* Data records *
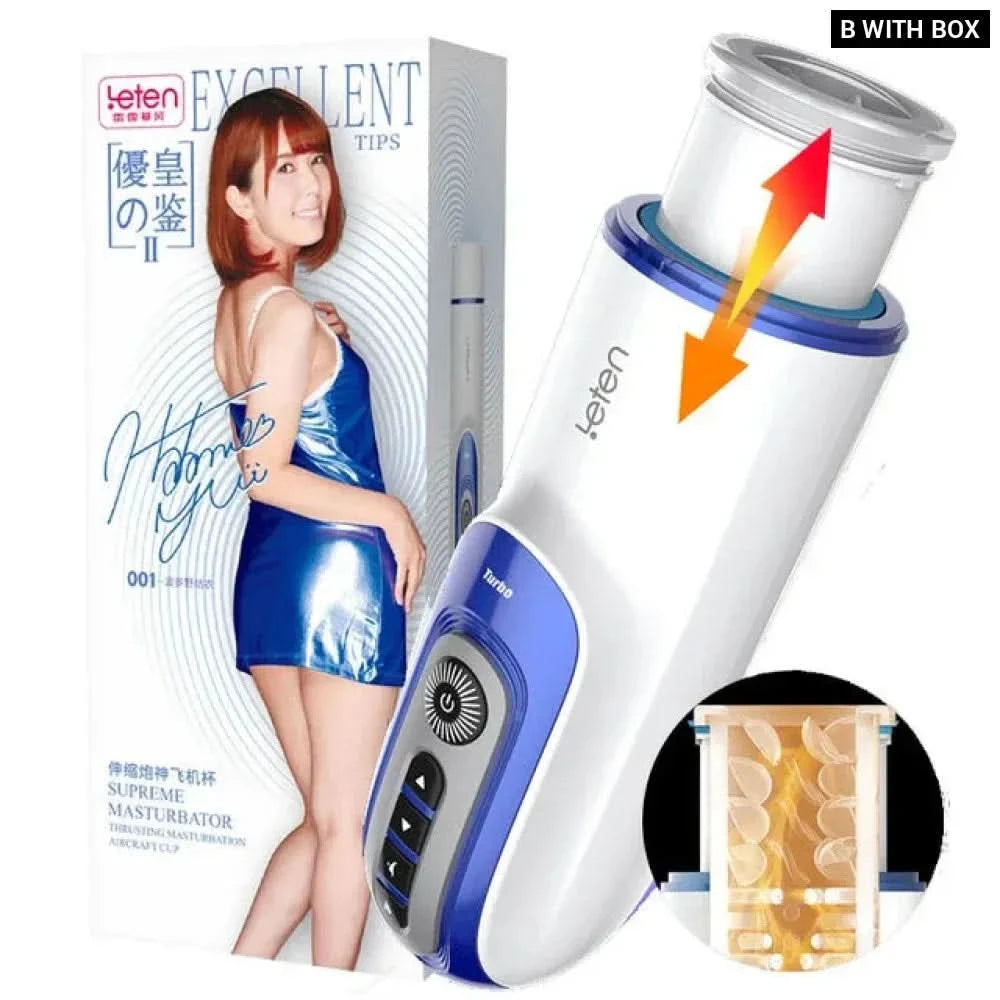 Automatic Piston Retractable Heating Male Masturbator Thrusting Vibrator for Realistic Pleasure-6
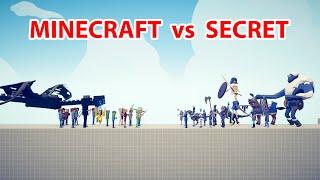 MINECRAFT Team vs SECRETS Team - Totally Accurate Battle Simulator TABS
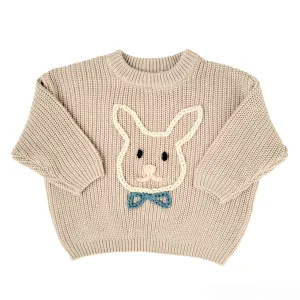 Beige Sweater - Bunny Boy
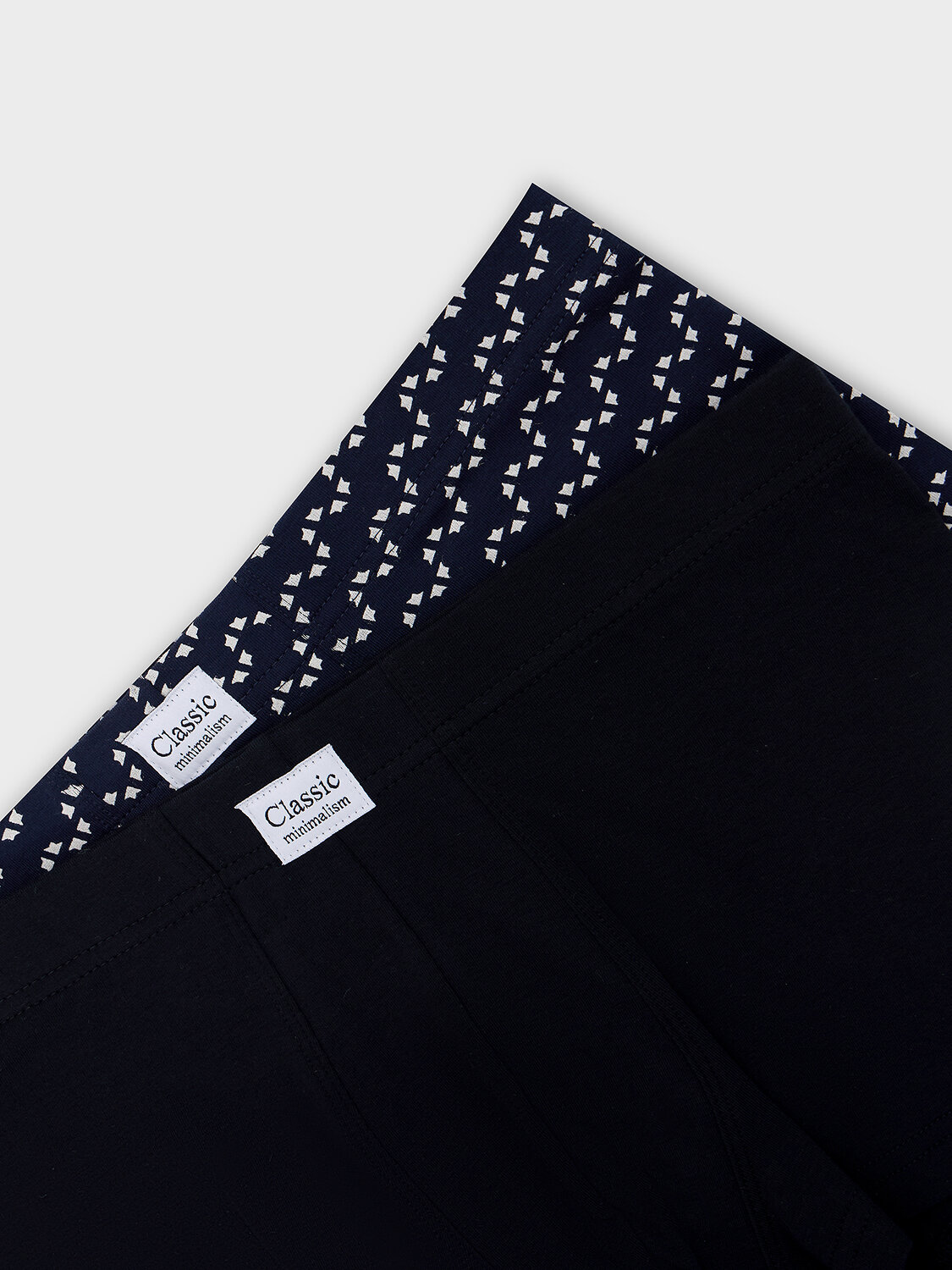 MARK FORMELLE Трусы 575113 411229-2 диагональн. узор на гл.синем +черный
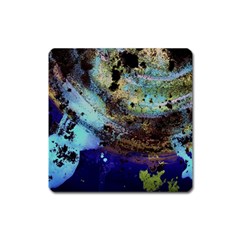 Blue Options 3 Square Magnet by bestdesignintheworld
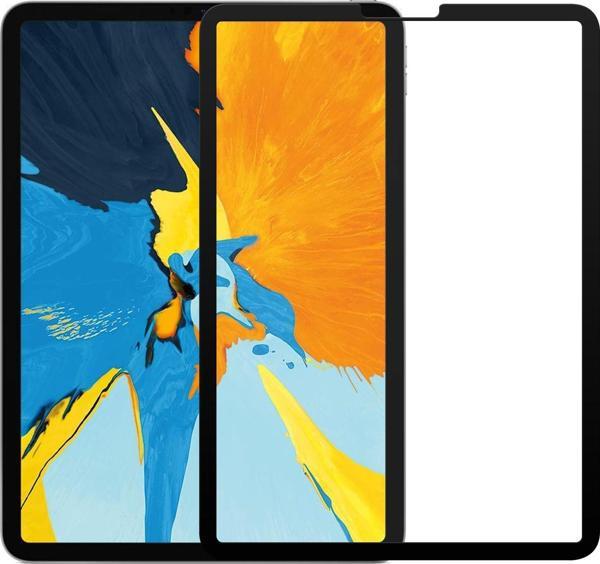 Microsonic Apple iPad Pro 11'' (A1980-A2013-A1934-A1979) Tam Kaplayan Temperli Cam Ekran Koruyucu Siyah - Image 1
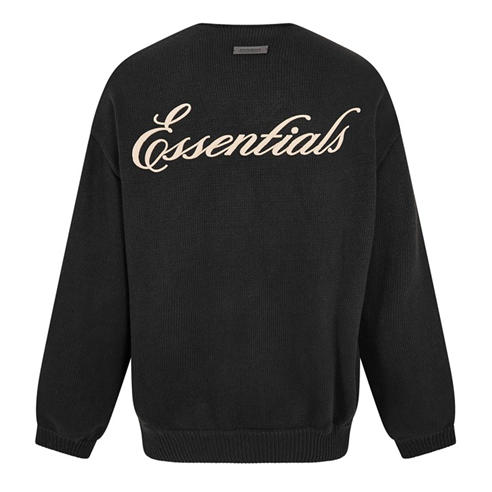FEAR OF GOD ESSENTIALS - Men's Waffle Crew Neck Jumper
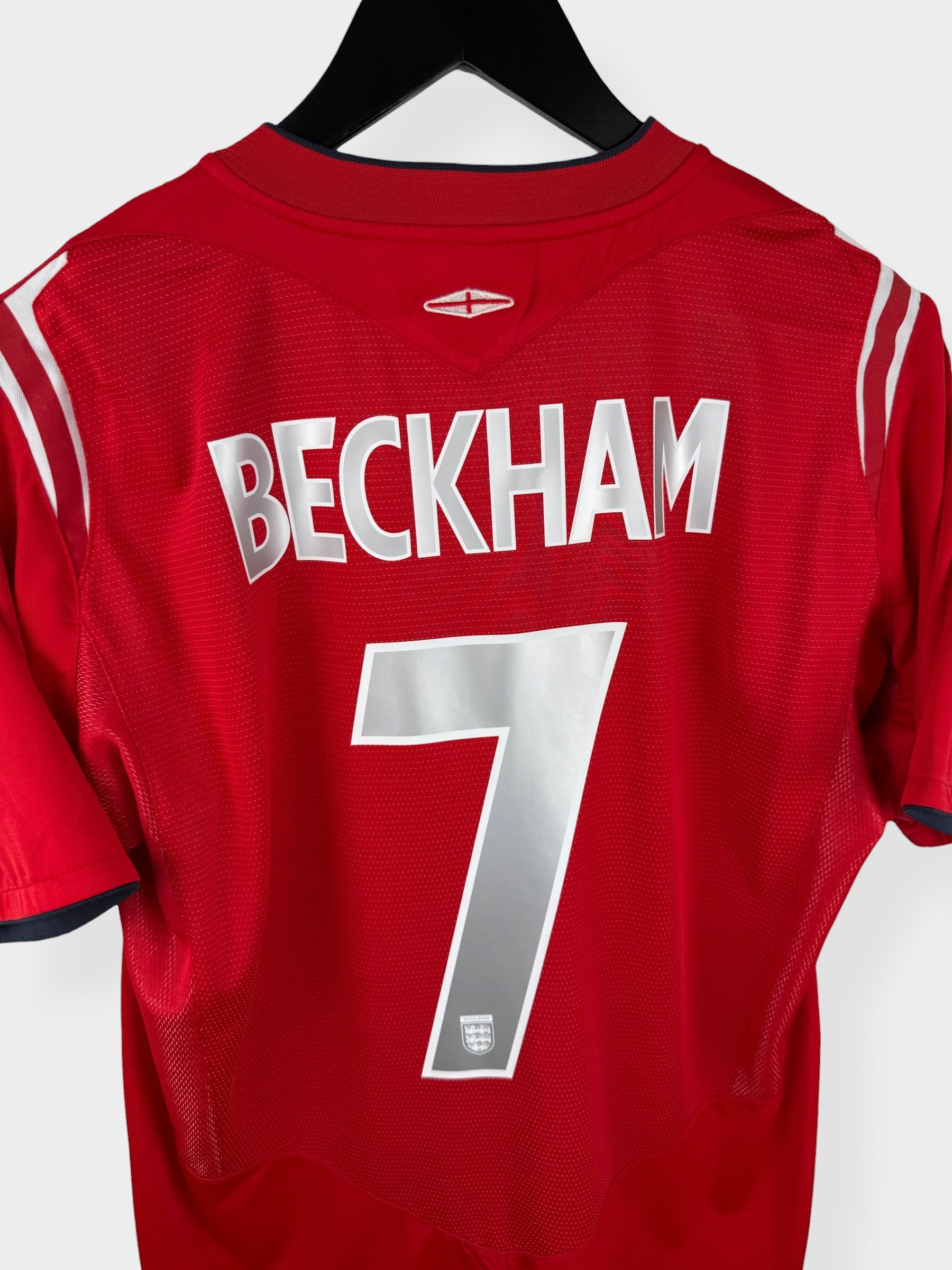 2004-06 ENGLAND AUSWÄRTSTRIKOT BECKHAM #7 M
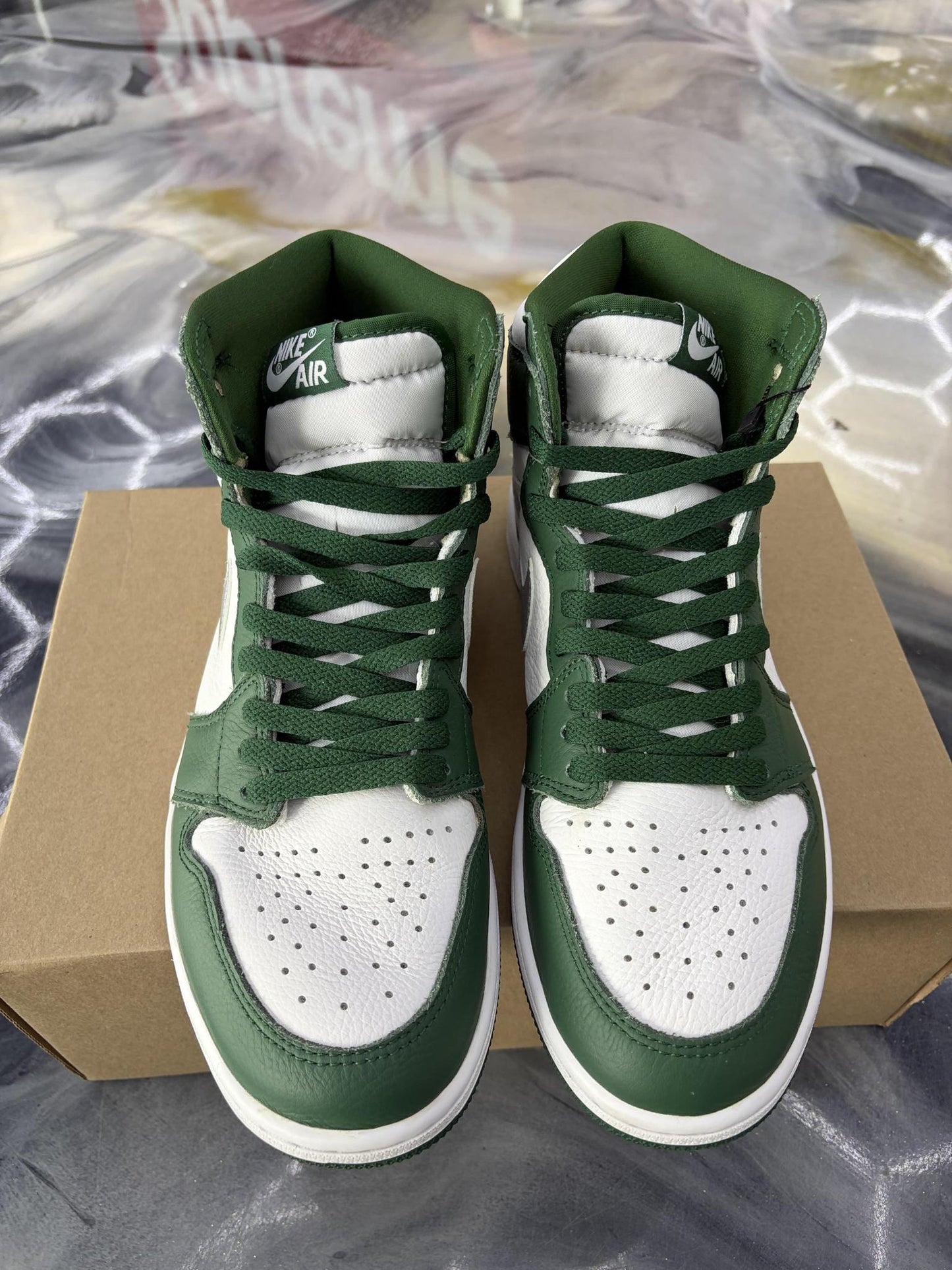 Jordan 1 Retro High OG "Gorge Green" Size 9.5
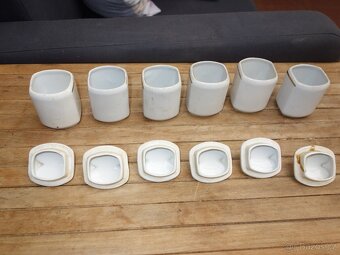 Porcelánové kořenky malé, 6ks, ROKOKO - 6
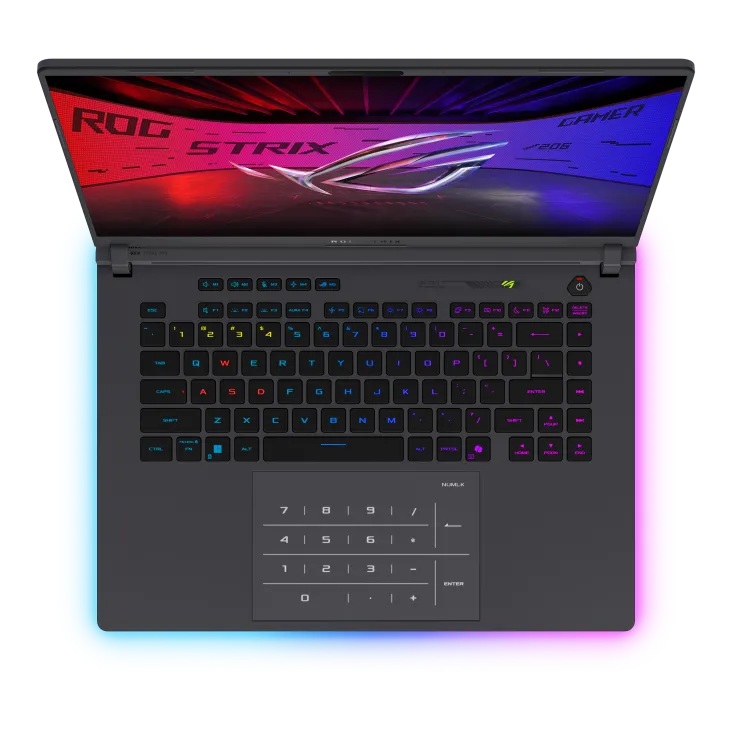 Ноутбук Asus G615LW, Core U9 275HX/16''WQXGA/32GB/1TB/GF RTX5080 16GB/LAN/DOS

* EXERCISE *
With the images omitted, output all entries exactly as given.

* RESULT OF THE TASK *
 Automatic Piston Retractable Heating Male Masturbator Thrusting Vibrator for Realistic Pleasure-6
 MINECRAFT Team vs SECRETS Team - Totally Accurate Battle Simulator TABS
 Beige Sweater - Bunny Boy
 MARK FORMELLE Трусы 575113 411229-2 диагональн. узор на гл.синем +черный
 Blue Options 3 Square Magnet by bestdesignintheworld
 Microsonic Apple iPad Pro 11'' (A1980-A2013-A1934-A1979) Tam Kaplayan Temperli Cam Ekran Koruyucu Siyah - Image 1
FEAR OF GOD ESSENTIALS - Men's Waffle Crew Neck Jumper
 2004-06 ENGLAND AUSWÄRTSTRIKOT BECKHAM #7 M
 Jordan 1 Retro High OG "Gorge Green" Size 9.5
 Porcelánové kořenky malé, 6ks, ROKOKO - 6
 Ноутбук Asus G615LW, Core U9 275HX/16''WQXGA/32GB/1TB/GF RTX5080 16GB/LAN/DOS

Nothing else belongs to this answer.